Pourquoi dilettante ? Parce que c’est le résumé de ma vie.
Depuis l’âge de seize ans, je n’ai cessé de changer de métier, de pays, de compagne, jamais en professionnel, seulement en amateur de mes professions. Je dois sans doute cette légèreté à un attachement particulier envers mon grand-père Jacques Porel. Je me suis toujours senti proche de lui. Fils de la grande Réjane, dernier des  « boulevardiers » avec Alphonse Allais et Tristan Bernard, sa fonction consistait à briller en société. Doué pour tout mais indispensable à rien, il traversera joyeusement sa vie, néanmoins habité par « un peu de désespoir » comme il l’écrira plus tard. Comme lui, même durant ces formidables années 1960, je me suis toujours senti plus proche des débuts du siècle dernier (notre seule différence, il n’a jamais travaillé de sa vie, moi tout le temps).
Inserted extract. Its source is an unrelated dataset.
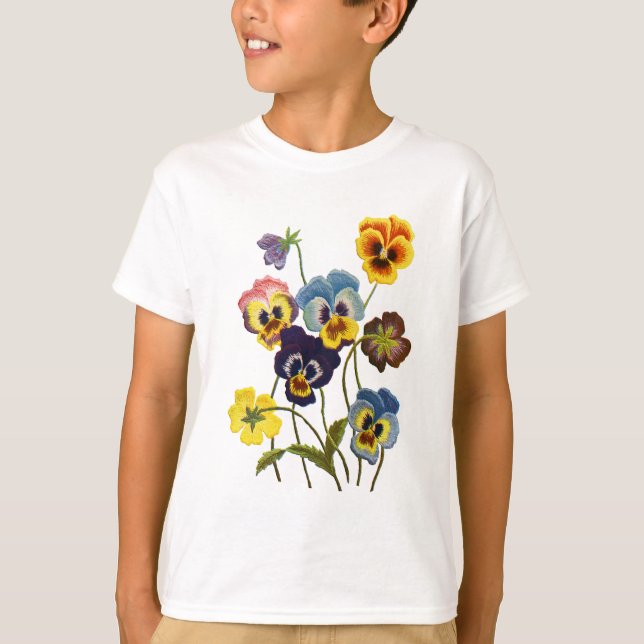 Embroidered Parade of Pansies T-Shirt (Front)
Pour un dilettante, seul le sentiment compte. S’il entreprend, c’est par amour, voire par passion, et toujours par plaisir. Confronté à l’obligation de gagner sa vie afin de subvenir aux besoins de sa famille, il a soudain la méchante impression de s’égarer dans le raisonnable, c’est alors qu’avec délectation il se méprise un peu. 

Parer au plus pressé de la bonne éducation bourgeoise ne l’empêche pas de s’étourdir en accordant plus d’importance à un avenir éventuel qu’à la réalité du triste quotidien. Être en condamné à la lucidité d’un présent raisonnable ne lui fait jamais oublier le ridicule de se penser sérieux, c’est pourquoi le dilettante accorde plus de crédit aux souffles du vent qu’aux prudences réfléchies de ceux qui veulent « arriver dans la vie ». Cette dernière étant perdue d’avance, la passion de la beauté du geste le mènera généralement à la ruine, c’est bien la moindre des choses. Il n’y a sûrement pas lieu d’en être fier, mais je me sens de cette famille-là. Aussi, grâce à cette façon d’envisager l’existence, je me suis attaché à beaucoup de gens au hasard des rencontres, femmes ou hommes, peu importe. Et c’est avec un bonheur dont je leur sais gré à jamais que je raconte dans ce recueil comment les gens que j’ai croisés restent les seules joies qui valaient vraiment la peine.

Bien sûr, ce curieux chemin ne me conduira jamais vers ce qu’il est convenu d’appeler une « carrière », il ne m’aura pas mené loin, car sautant joyeusement d’une vie à l’autre, en voulant être partout, je me suis un peu retrouvé nulle part, mais quelle importance ? Une chose est certaine, ça valait la peine d’être vécu. 

Chroniques d’un dilettante 
par JEAN-MARIE PERIER
aux éditions Calmann-Lévy

(sortie le 3 novembre)

dilettante – (italien dilettante, de dilettare, du latin delectare, se plaire à)
1. Personne qui s’adonne à une occupation, à un art en amateur, pour son seul plaisir.
2. Personne qui ne suit que les impulsions de son plaisir, de ses goûts, qui exerce une activité de manière fantaisiste : Vivre en dilettante.